Modeling Distributed Computing Infrastructures for HEP Applications
Maximilian Horzela, Henri Casanova, Manuel Giffels, Artur Gottmann, Robin Hofsaess, Günter Quast, Simone Rossi Tisbeni, Achim Streit, Frédéric Suter
TL;DR
The paper addresses the challenge of predicting performance for distributed HEP computing infrastructures like WLCG, where large-scale testing is impractical. It introduces Horzela, a C++ simulator built on SimGrid and WRENCH to model HEP workloads with data locality and caching on complex networks and storage. Calibration against CMS traces and two proof-of-concept studies demonstrate the tool’s ability to reproduce median job times and evaluate architectural options such as grid storage replacement and caching at high-latency sites.
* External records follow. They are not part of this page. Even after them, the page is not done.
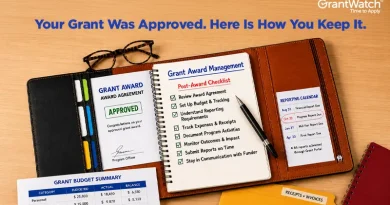 Illustrated GrantWatch graphic showing a grant award management folder with an approved grant agreement, a post-award checklist, budget summary, receipts, and a reporting calendar. The image highlights key grant management tasks such as tracking expenses, meeting reporting deadlines, documenting activities, monitoring outcomes, and maintaining communication with funders to help recipients keep their grant funding.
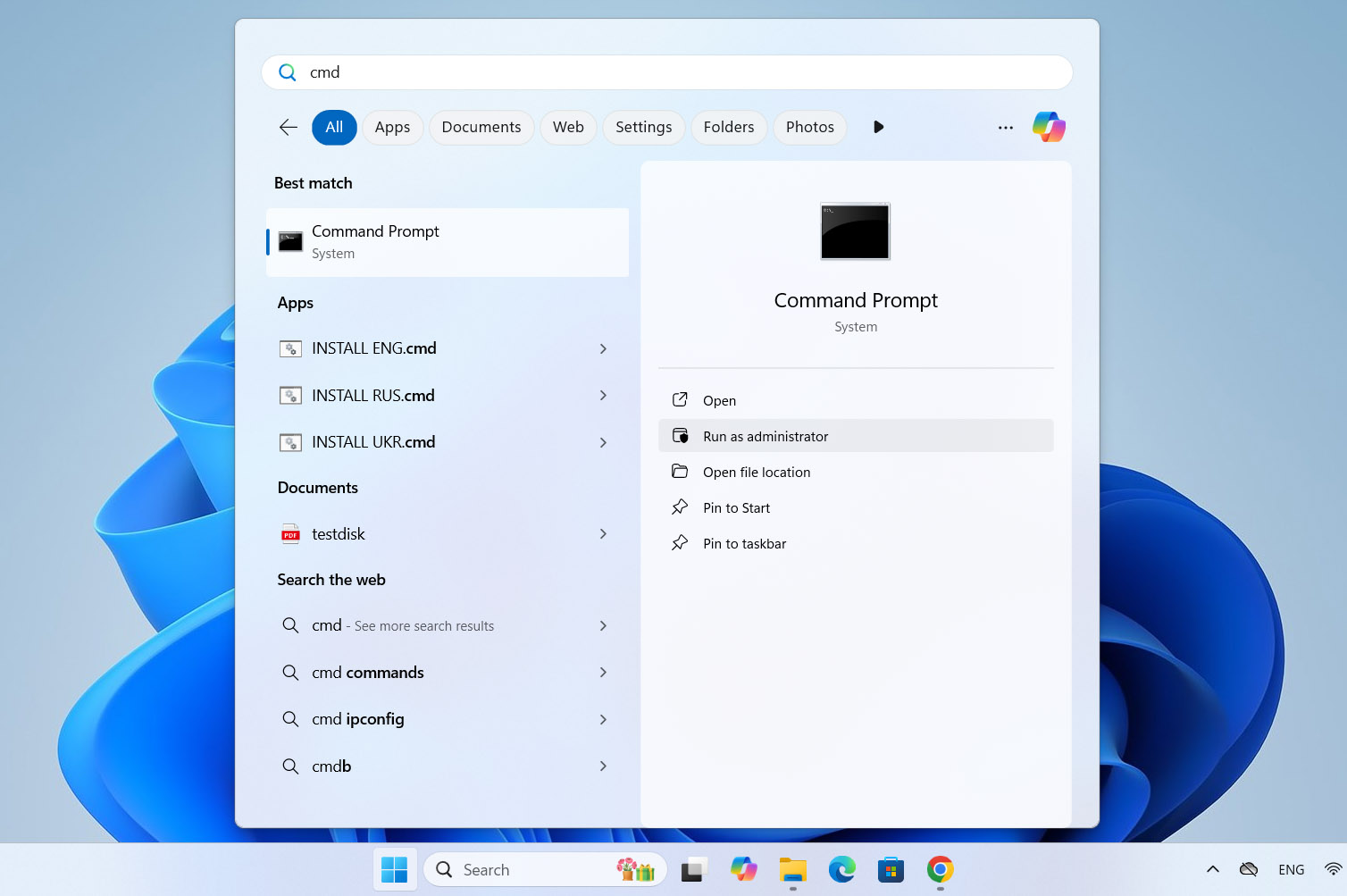 run command prompt on windows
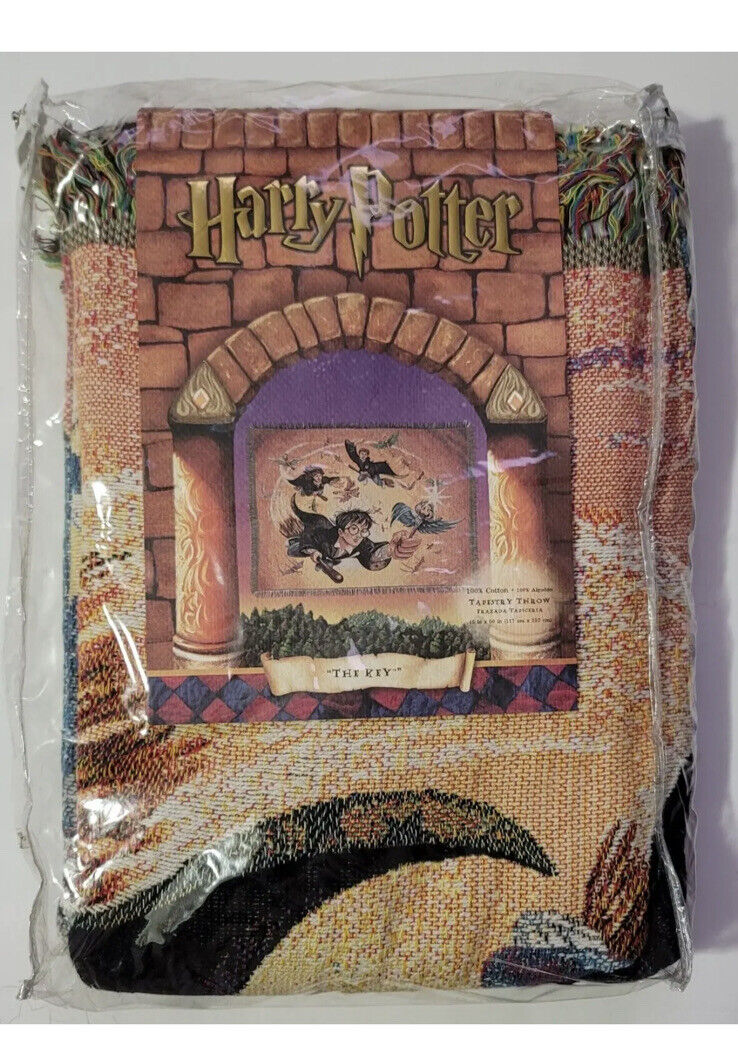 VTG Harry Potter Throw Blanket Woven Tapestry Wizard 2001 46\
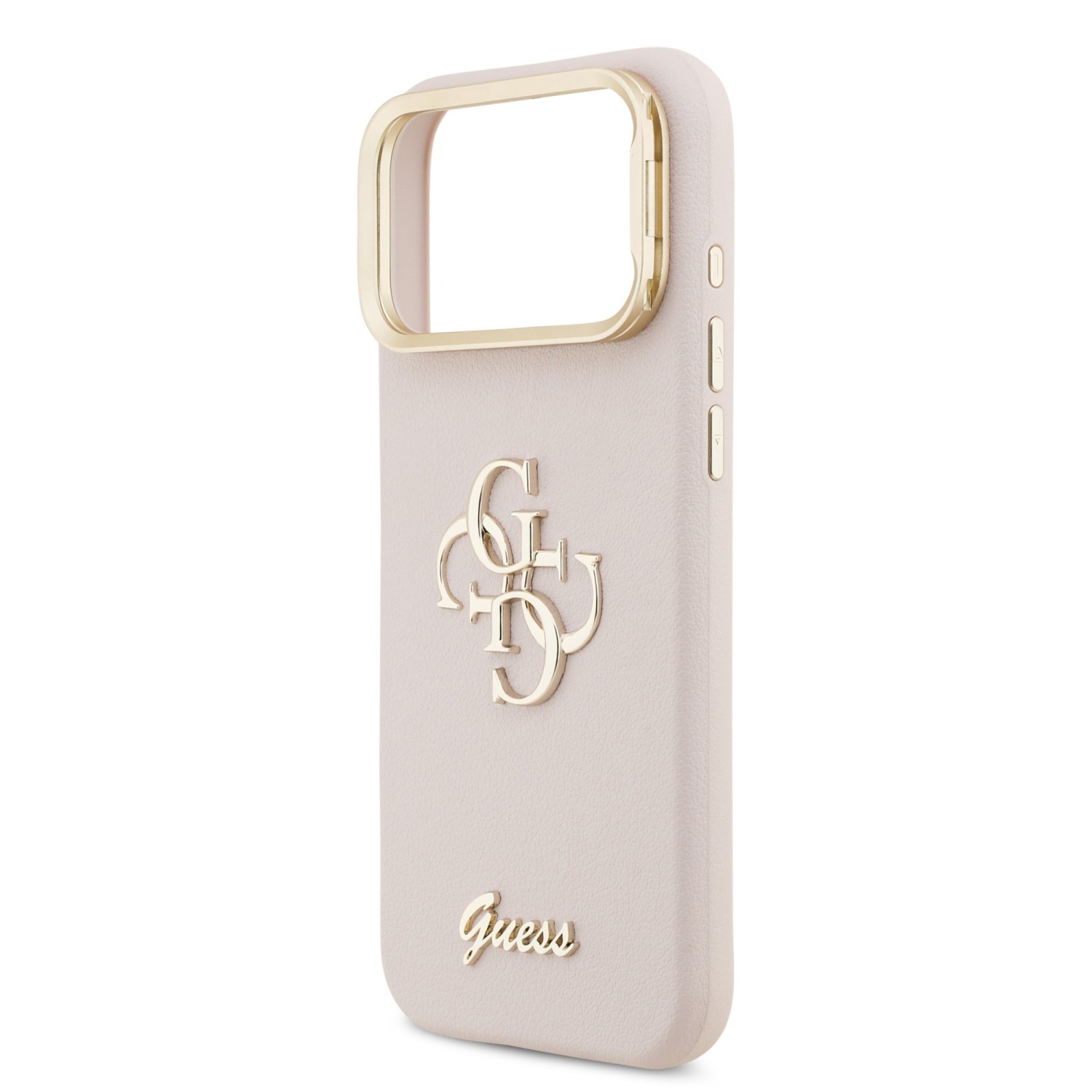 Guess PU Grained 4G Logo Stand Camera Frame Zadní Kryt pro iPhone 17 Pro Max Pink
The results show that simulation is a practical, scalable approach for informing infrastructure design decisions without disrupting live operations, with clear potential to scale to the full WLCG in future work.
Abstract
Predicting the performance of various infrastructure design options in complex federated infrastructures with computing sites distributed over a wide area network that support a plethora of users and workflows, such as the Worldwide LHC Computing Grid (WLCG), is not trivial. Due to the complexity and size of these infrastructures, it is not feasible to deploy experimental test-beds at large scales merely for the purpose of comparing and evaluating alternate designs. An alternative is to study the behaviours of these systems using simulation. This approach has been used successfully in the past to identify efficient and practical infrastructure designs for High Energy Physics (HEP). A prominent example is the Monarc simulation framework, which was used to study the initial structure of the WLCG. New simulation capabilities are needed to simulate large-scale heterogeneous computing systems with complex networks, data access and caching patterns. A modern tool to simulate HEP workloads that execute on distributed computing infrastructures based on the SimGrid and WRENCH simulation frameworks is outlined. Studies of its accuracy and scalability are presented using HEP as a case-study. Hypothetical adjustments to prevailing computing architectures in HEP are studied providing insights into the dynamics of a part of the WLCG and candidates for improvements.